I spent the entire day at work today willing all the fluids in my congested face not to leak out of my eyes and nose. It is quite a feat to maintain a semi-dignified, professional-teacher facade when a parent asks you a serious question about their child and all you can think about is how desperately you want to sneeze cold germs everywhere while your left eye pours tears. Needless to say, I should have stayed home today, but I didn’t, because I have poor judgment.
Anyway, I came home and sat down on the couch with some episodes of “Paranormal Witness” and a roll of toilet paper (as I ran out of real people tissues) and spent some quality time letting the congestion ooze its nasty way out of my body. About an hour ago, I thought maybe a hot, hot shower would help. It wasn’t until I looked down at my naked body in the shower that I realized my skin was rotting like I was suffering from a horror movie curse (read: I could see nearly all veins in my body and it freaked me out because that’s something called “marbling” that your veins do when you die and the blood inside them rots – thank you, forensic anthropology graduate program!). Now, I realize I am notoriously transluscent. However, I have never in all my life seen the veins in my arms like this:
How do I know I’m not hallucinating this? 1) I spend about 60 minutes total per day staring at that cyst on my forearm, daydreaming about cutting it out because it is super disgusting, and I have never seen those veins; 2) despite drinking gallons of water before every blood test I’ve ever had, my arms are always milky white and vein-free pre-needling, making it hugely unpleasant for me to get my blood drawn. This is new and it is bizarre. It is also all over my body.
My upper arm:
I have one more ClearBlue Digital test and I think I’ll take it in the morning, because I’m a glutton for punishment and because this vein thing can be a pregnancy symptom.

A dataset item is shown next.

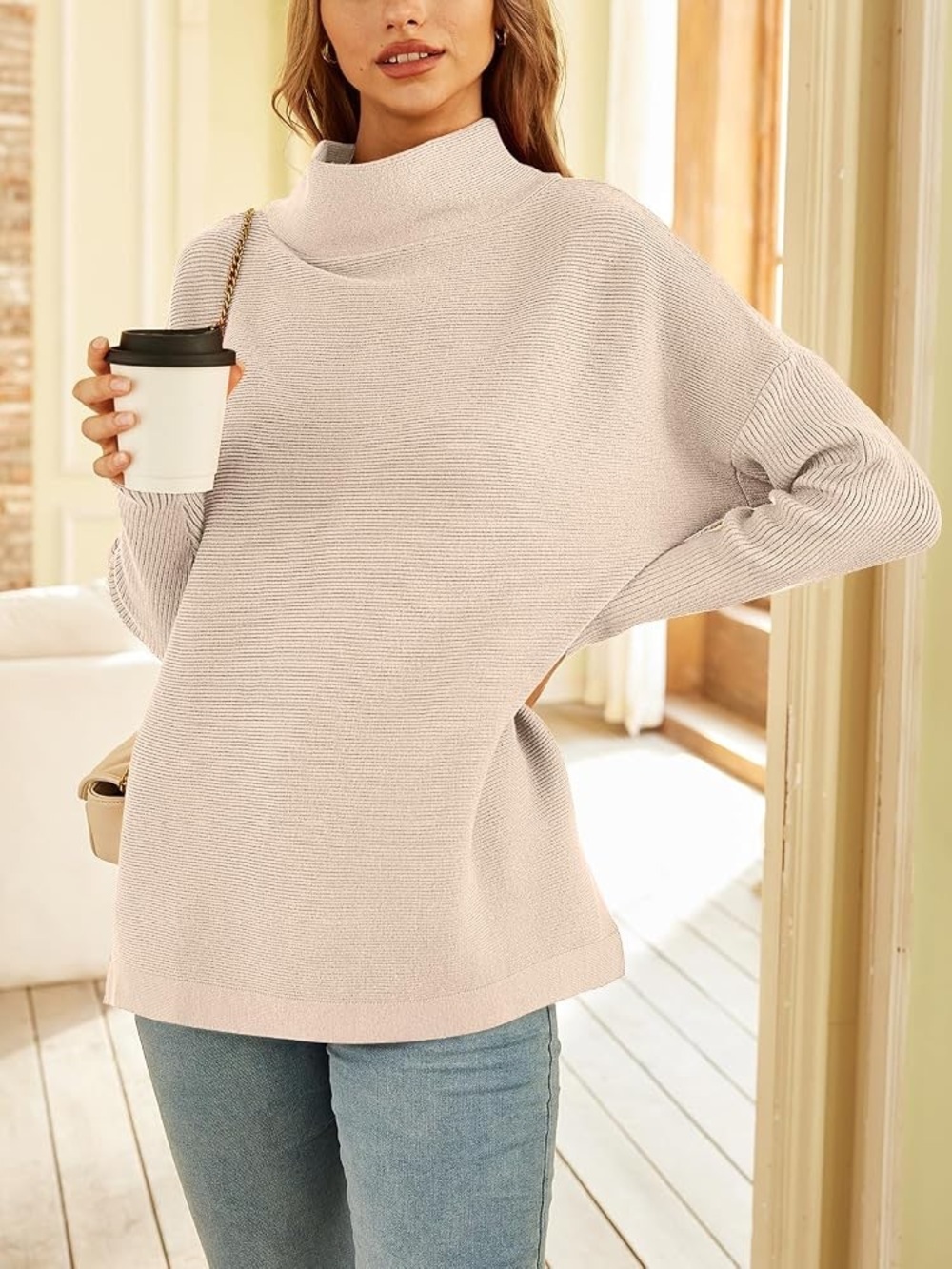 Lillusory Cream TurleNeck Knit Sweater EUC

In other skin issues news, here are my before/after Accutane photos. These two “before” photos are legitimately the only photos of myself without makeup or creative lighting that exist from that time in my life. Now that I’m on the other side, that makes me little disappointed, because I think it would have been really helpful for me to have taken photos throughout all the phases of this process, for comparison and also to use in helping other people understand that there is light at the end of the tunnel. These two are fairly good representations of what my skin looked like from ages 14 to 20, though, so I suppose if I must only have two, they are the best two to have. Also, I had acne on my back as well, but have zero photos of that, mostly because that would have required asking someone else to take them and allowing them to see me. Suffice to say, it was essentially Chest Part Deux.
These photos were taken in August 2006, when I was 19. I was on a family vacation to South Carolina (en route to Florida for a Caribbean cruise – word to the wise: an August tour of the South followed by a bikini cruise is probably the worst thing imaginable for a teenager with frizzy hair and terrible skin). Annnnyway, South Carolina hotel room, 2006:
I almost feel like I’m looking at a stranger in these photos and not just because this isn’t my reality anymore. There is such sadness in that girl’s face and it makes me so sad that I spent so much of my formative years feeling that way whenever I caught a glimpse of myself in the mirror (or in a window or any other reflective surface). I spent six years of my life completely divorced from my chest and back – those parts of my body could have not existed at all for all I cared. I would have probably done the same thing with my face, had I been able to get away with just covering it with a T-shirt every day for all of high school.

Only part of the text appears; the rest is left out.